Indeed, after one of the longest bull runs in history, where at times it seemed almost anything packaged with any nous was sold en masse, a number of fund management houses – not all – have been left with an abundance of unpopular, underperforming funds.
It is fair to say the recent wave of fashionable fund launches has come and gone and a number of funds are becoming a burden on fund houses.
Proof of these worries is revealed by the Investment Management Association figures for September 2008 which show that UK-domiciled funds under management have fallen £88.6bn in the past 12 months alone.
Even more concerning is the fact that net retail sales were down £20.7m in September 2008, against September 2007’s inflows of £886.6m .
Some fund firms are beginning to make changes. New Star has introduced a number of mergers already this year, with both its Japan and North America funds merging into Pacific Growth and American portfolios respectively in June, while Tri-Star was merged in July despite being one of the firm’s biggest fund pushes.
More recent changes include Societe Generale’s decision to close its £27m Europe fund and merge the assets into its £69m European special opportunities fund, subject to FSA approval. The group is also looking to streamline its five-strong fixed-interest range into two, with its three gilt funds The group also plans to combine both its corporate bond offerings.
Meanwhile, Axa Investment Managers UK is also set to merge four of its funds as part of a deal to improve transparency.
Schroders head of UK retail Robin Stoakley says the costs associated with running a fund make further merges a likely.
“To run a fund properly you are talking at least six figures. So I would say a fund needs to be between £12m and £15m just to break even. In times like these money is not easy to come by, so I think many fund firms will look to streamline their business.” Hargreaves Lansdown investment manager Ben Yearsley adds: “Much depends on a fund’s profile. There is also a bit of a gamble as five years ago people were merging the likes of Latin America, which turned out to be the place to be.”
Yearsley notes there is simply not enough money coming through the door and that fund mergers and closures are likely to continue.
“If you look at the UK all companies sector, one-third of funds are below £30m in size. You have to question whether or not they are profitable at that level, particularly as assets are not coming into the sector.”
Credit Suisse multi-manager Graham Duce explains how it is not only funds that are set to merge but also investment houses.
“Consolidation will not be linked just to funds but also to firms across the board, whether it be boutiques or even big houses, a number of which have got into trouble recently.
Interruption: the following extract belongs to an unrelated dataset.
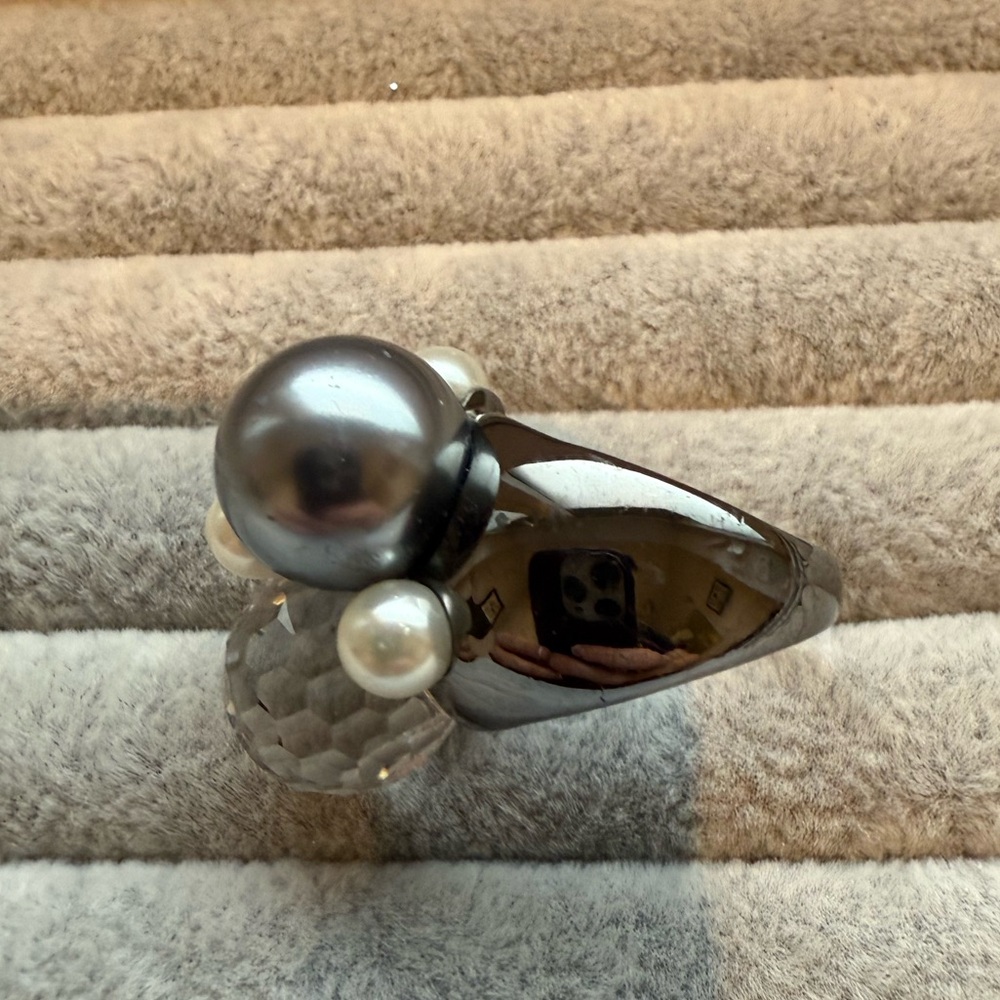 Kenneth Lane Grey crystal pearl bubble cluster Cocktail ring size 8/9 - Picture 5 of 14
It is also something that us as multi-managers have to look at when selecting funds, whether the stability of the investment house behind them is sound.”
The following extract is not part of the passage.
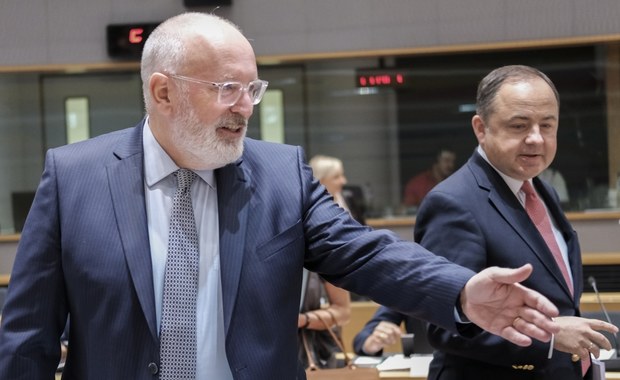 Timmermans "herosem praworządności"? Drugą kadencję ma w kieszeni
Informed Choice joint managing director Martin Bamford believes we will see more mergers on this occasion compared to the last downturn, due to the sheer number of product launches during the bull run.
He says: “We started to see a whole host of funds launched at the end of the last run as fund groups looked to capitalise on the money coming into the sector. Funds like agriculture and commodities that looked so attractive before vare not looking so hot now. Firms may also want to be seen to be doing more on this occasion and may end up focusing on some of the larger funds.”
PSigma Asset Management managing director Ian Chimes disagrees that esoteric funds that will be at the top of the hit list.
He notes that when it comes to cutting costs many fund managers closed funds during the last downturn only for them to fall back into fashion.
“I think it’s more likely to be the ‘me too’ offerings. For example, UK all companies has more than 300 funds, and some firms may have a couple of funds in there and more in other UK sectors. They are likely to be the ones that come under scrutiny as opposed to those esoteric offerings.
“It is also important to note that mergers and consolidations are not exactly a cheap exercise for fund managers; it can be very complex and needs shareholder approval.”
Chelsea Financial Services head of investments Matthew Woodbridge adds: “For advisers, it is a case of judging each fund on its merits. Further mergers will happen, but there will continue to be smaller funds that perform and funds not necessarily performing that will turn a corner at some point.”